Scan the material below for lines with the string "Black". State how many there are and nothing else.

Source material

[Start of Attachment]

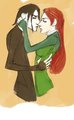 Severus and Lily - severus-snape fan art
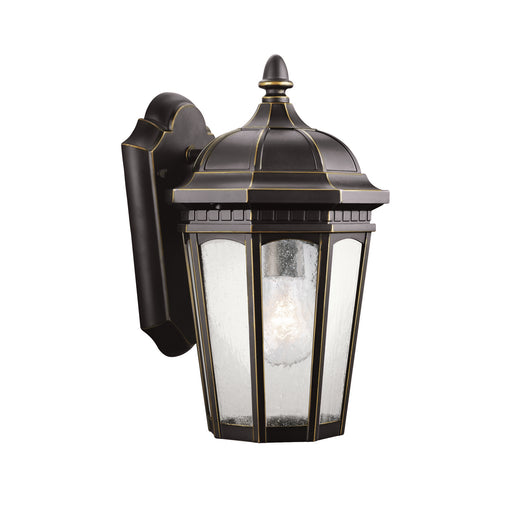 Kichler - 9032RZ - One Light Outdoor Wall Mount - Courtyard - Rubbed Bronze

[End of Attachment]
[Start of Attachment]

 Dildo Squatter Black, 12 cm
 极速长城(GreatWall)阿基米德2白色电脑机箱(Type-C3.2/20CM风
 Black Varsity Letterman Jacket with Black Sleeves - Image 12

[End of Attachment]

Exercise output
2